Humavox launched its ON Around the Clock ecosystem here, positioning its Eterna platform for ultra-low-power devices up to high-powered smartphones and power tools. The company’s RF-based approach turns “everyday storage items you already own and use into smart wireless chargers,” said CEO Omri Lachman. Its booth displayed an Energizer logo. Lachman said that represented the company’s partnership with original design manufacturer and OEM TennRich International, a licensee and partner of Energizer, Mophie, Philips and others. It wasn't showing Energizer-branded products. Friday, Energizer didn’t comment.
Menno Treffers, chairman of the Wireless Power Consortium, whose Qi standard is the widely deployed technology nascent wireless power companies want to replace, said WPC is deliberately avoiding through-the-air charging. “We believe the technologies we have seen are too inefficient.” He noted Nikola Tesla envisioned wireless power in the late 1800s and it’s possible to power a phone at 15 feet today using wireless charging, but to make it commercially viable, “you need to meet the nonfunctional requirement.” It’s easy to do distance and power charging over the air but by compromising efficiency, cost and safety, Treffers said: “Can you get it approved by the FCC and other regulators?”
Responding to arguments of efficiency in distance charging, Gordon Bell, marketing vice president at Energous, which received FCC approval for its near-field and mid-field WattUp wireless charging (see 1804110034), said most of the company's customers are looking to move away from their current contact-based technologies. “Or they’ve not been able to even adopt coil-based charging.” Qi-type charging requires a flat surface for the receiver and transmitter, which can work in a smartphone but is harder to accommodate in other forms, like an in-ear personal sound amplification product (PSAP).
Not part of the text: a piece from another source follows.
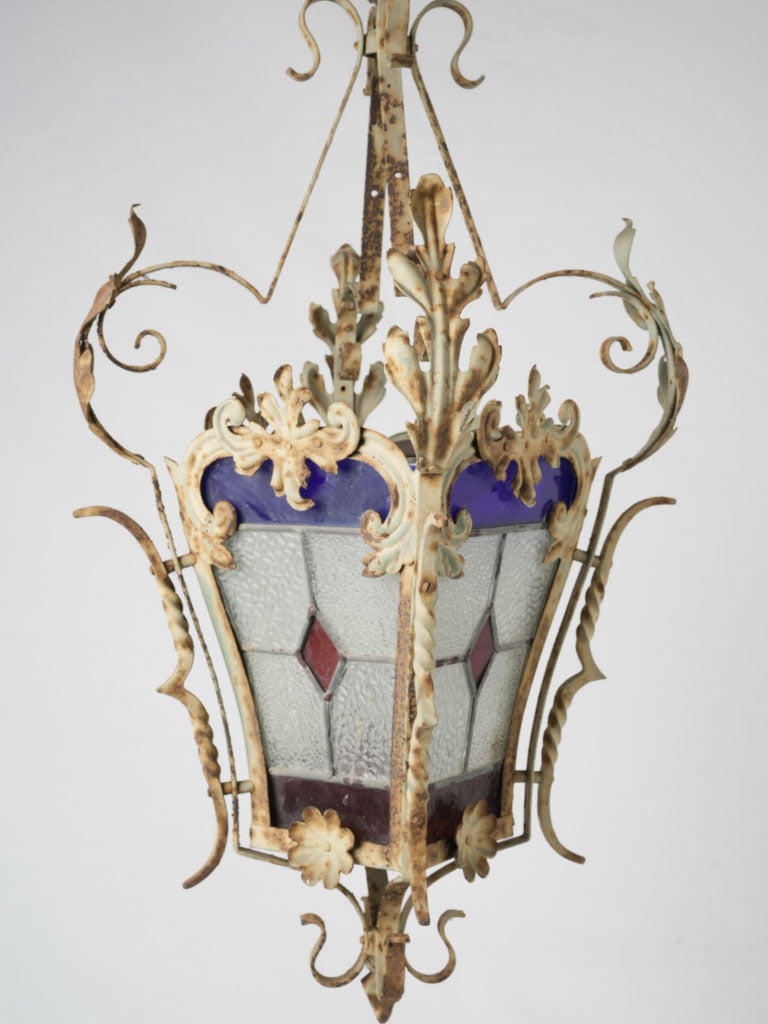 Intricate 19th-century stained glass light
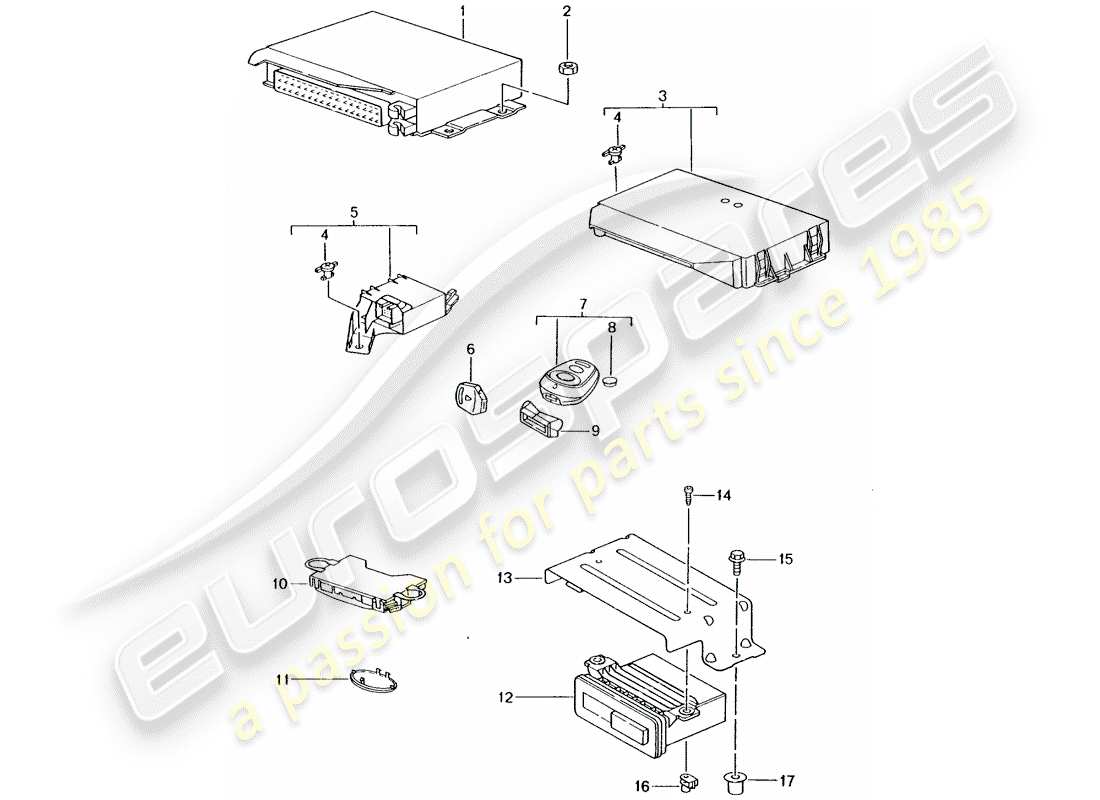 porsche 2004 (986 boxster) steuergeräte ersatzteildiagramm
On what’s holding up Energous products from reaching the market -- a Delight-branded PSAP from SK Telesys is due in “the next few months” -- Bell cited regulatory approvals and new technologies “always taking longer than originally expected.” Energous has OKs in 111 countries but not in China, Japan or Korea; he said the company is “confident” on securing approvals there. The company showed concepts of a router, remote control, smart glasses and watch that could incorporate WattUp technology, which “may or may not come to market.” Companies want to differentiate their products, said Bell: “Being able to do a smart speaker or something that has an AP [access point] function plus wireless charging is interesting” to many firms.